Data excerpts Block Start

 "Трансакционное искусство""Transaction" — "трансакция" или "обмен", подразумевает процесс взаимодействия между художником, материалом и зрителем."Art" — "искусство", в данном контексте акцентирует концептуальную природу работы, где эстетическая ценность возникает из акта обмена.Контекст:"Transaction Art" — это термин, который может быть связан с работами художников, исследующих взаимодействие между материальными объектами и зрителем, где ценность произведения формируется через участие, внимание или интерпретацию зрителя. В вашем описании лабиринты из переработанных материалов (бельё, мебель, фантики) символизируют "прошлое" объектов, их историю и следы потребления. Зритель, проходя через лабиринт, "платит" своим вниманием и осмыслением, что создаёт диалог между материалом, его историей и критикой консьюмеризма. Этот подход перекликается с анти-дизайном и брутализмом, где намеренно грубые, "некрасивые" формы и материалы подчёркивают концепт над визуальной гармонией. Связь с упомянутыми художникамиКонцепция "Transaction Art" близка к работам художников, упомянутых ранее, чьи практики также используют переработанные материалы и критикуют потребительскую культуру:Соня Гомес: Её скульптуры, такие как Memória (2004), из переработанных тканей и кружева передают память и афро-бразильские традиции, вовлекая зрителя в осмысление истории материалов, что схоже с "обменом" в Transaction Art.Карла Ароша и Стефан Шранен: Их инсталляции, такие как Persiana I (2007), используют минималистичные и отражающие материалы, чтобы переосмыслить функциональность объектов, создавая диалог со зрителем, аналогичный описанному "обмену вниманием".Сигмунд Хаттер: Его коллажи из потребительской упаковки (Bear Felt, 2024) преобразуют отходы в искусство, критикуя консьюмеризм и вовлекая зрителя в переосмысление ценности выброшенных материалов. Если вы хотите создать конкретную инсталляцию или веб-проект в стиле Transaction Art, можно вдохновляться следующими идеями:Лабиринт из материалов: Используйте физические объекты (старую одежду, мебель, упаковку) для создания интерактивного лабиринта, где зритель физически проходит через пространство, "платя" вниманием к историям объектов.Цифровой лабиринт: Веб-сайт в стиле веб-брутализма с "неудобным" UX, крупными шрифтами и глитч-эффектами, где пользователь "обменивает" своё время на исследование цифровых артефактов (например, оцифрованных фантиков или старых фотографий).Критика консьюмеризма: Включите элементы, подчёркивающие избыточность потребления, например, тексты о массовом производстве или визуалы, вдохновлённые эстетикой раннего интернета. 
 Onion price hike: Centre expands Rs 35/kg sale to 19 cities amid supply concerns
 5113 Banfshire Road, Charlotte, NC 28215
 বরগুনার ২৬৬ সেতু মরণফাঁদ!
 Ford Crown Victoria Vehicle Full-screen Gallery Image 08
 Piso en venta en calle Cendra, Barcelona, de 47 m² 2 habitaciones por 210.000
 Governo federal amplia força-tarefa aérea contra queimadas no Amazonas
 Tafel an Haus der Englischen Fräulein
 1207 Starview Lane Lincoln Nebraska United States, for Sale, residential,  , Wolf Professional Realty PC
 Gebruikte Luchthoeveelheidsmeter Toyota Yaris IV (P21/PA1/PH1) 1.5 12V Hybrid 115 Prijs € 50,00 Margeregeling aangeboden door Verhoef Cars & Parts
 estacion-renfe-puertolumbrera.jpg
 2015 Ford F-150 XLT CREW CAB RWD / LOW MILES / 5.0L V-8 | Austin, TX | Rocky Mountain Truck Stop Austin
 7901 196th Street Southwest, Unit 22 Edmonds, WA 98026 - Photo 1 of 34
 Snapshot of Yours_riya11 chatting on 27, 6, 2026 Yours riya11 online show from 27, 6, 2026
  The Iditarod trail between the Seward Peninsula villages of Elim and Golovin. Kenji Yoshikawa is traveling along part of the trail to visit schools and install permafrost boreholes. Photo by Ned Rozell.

Data excerpts Block End

Goal of the exercise: Every line from the one containing "Gebruikte Luchthoeveelheidsmeter Toyota" through the last line above should be retyped exactly; no other lines are wanted.

The answer:
 Gebruikte Luchthoeveelheidsmeter Toyota Yaris IV (P21/PA1/PH1) 1.5 12V Hybrid 115 Prijs € 50,00 Margeregeling aangeboden door Verhoef Cars & Parts
 estacion-renfe-puertolumbrera.jpg
 2015 Ford F-150 XLT CREW CAB RWD / LOW MILES / 5.0L V-8 | Austin, TX | Rocky Mountain Truck Stop Austin
 7901 196th Street Southwest, Unit 22 Edmonds, WA 98026 - Photo 1 of 34
 Snapshot of Yours_riya11 chatting on 27, 6, 2026 Yours riya11 online show from 27, 6, 2026
  The Iditarod trail between the Seward Peninsula villages of Elim and Golovin. Kenji Yoshikawa is traveling along part of the trail to visit schools and install permafrost boreholes. Photo by Ned Rozell.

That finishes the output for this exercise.